Sally Hardesty (Marilyn Burns) and her paraplegic brother Franklin (Paul Partain) along with a small group of friends visit their family’s old farmhouse in bucolic Texas. In no time these unlucky standard-bearers meet the people next door, a family of deranged and deadly reprobates including the chainsaw-swinging Leatherface (Gunnar Hansen), who has a rather eye-catching mask made of human skin.
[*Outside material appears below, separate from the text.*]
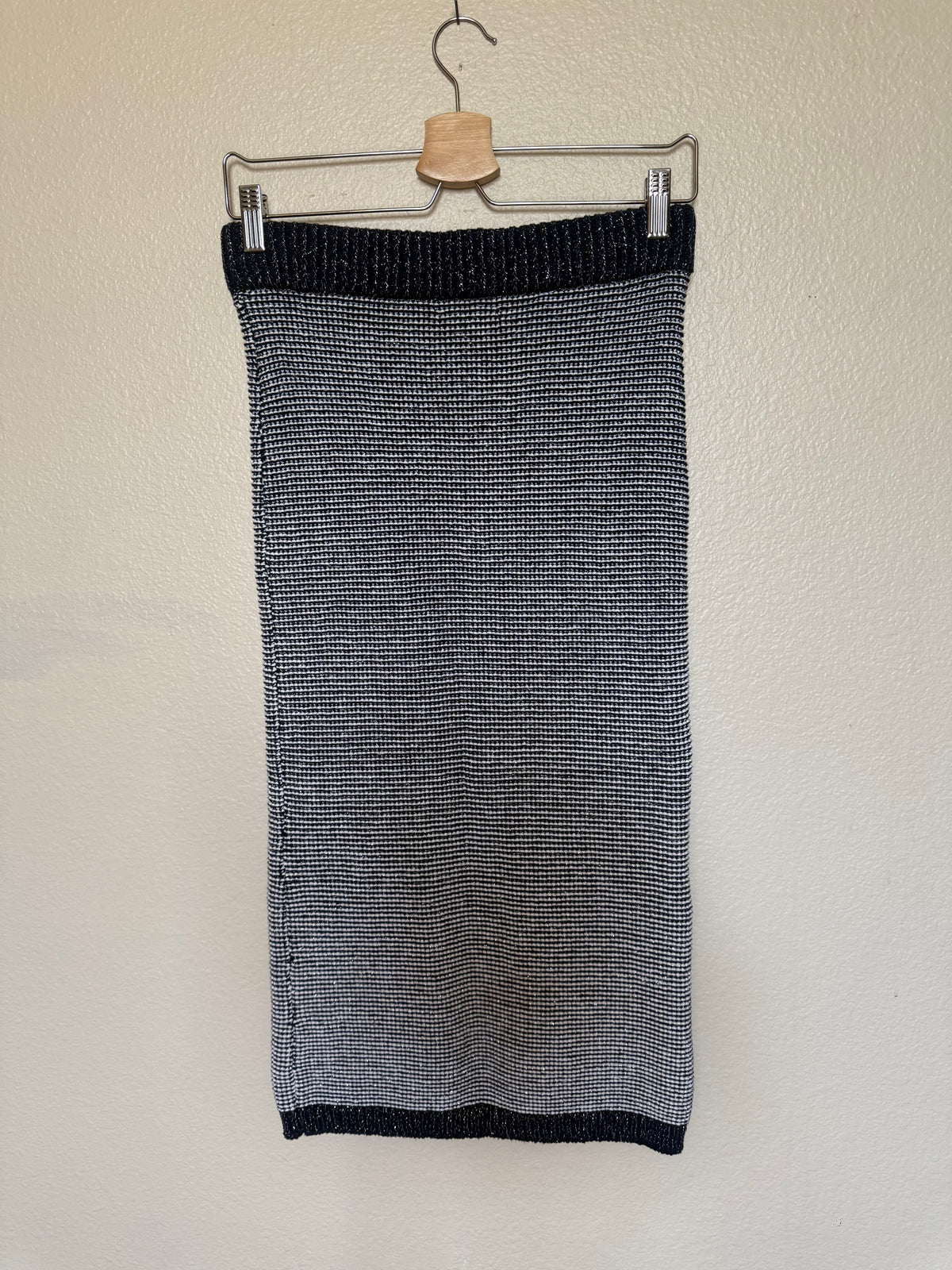 Eva Mendes 97% Cotton 2% Nylon 1% Metallic S Sparkly Navy Blue and White Skirt/Dress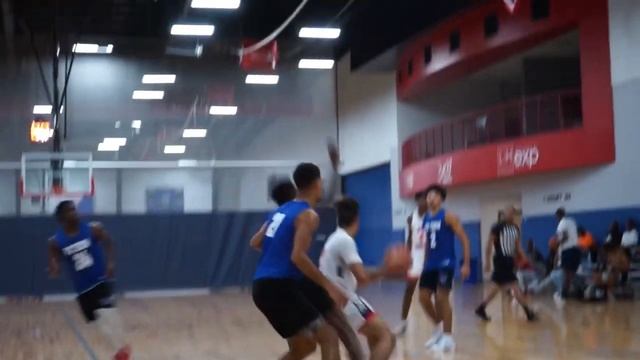 2022 6’4 PG Tre Munson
A backwoods showpiece of terror stemming from a deformation of the American family, Hooper displays amazing restraint in his use of gore while still maintaining immense terror through subtle touches, excessive claustrophobic elements, and a lucid nightmare scenario. At once profoundly personal, fiercely disturbing, and strongly artistic, The Texas Chain Saw Massacre is a nerve-wracking stroke of sinister genius.

 

9. The Shining (1980)

With an impassioned love for detail, technicality, and formalism, Stanley Kubrick’s The Shining is an eerie and effective brew of arthouse genuflection and haunted house tropes. Jack Nicholson is further out there then Sputnik in his over-the-top portrayal of writer’s block-stricken recovering alcoholic Jack Torrance, caretaker for the season at the remote Overlook Hotel.

While eschewing much of what made the Stephen King best-seller so compelling, Kubrick instead opts for atmospherics and technical bravado over authentic drama, but the results largely make ghoulishly good (if you can “overlook” Shelley Duvall’s rmiscalculated performance and Scatman Crothers’ utterly atrophied potential).

But, for all its lapses––and it’s a terribly flawed and indulgent genre exercise––the ad-libbing “Heeeeere’s Johnny!” from an axe-wielding Jack has a delirious charisma. Also, and most notably, a tremendous commendation is owed to Krzysztof Penderecki for his magnificently terrifying soundtrack which heightens and refines many memorable set pieces. The Shining is a questionable classic with obvious appeal and allowable partition that’s catnip for Kubrick fans.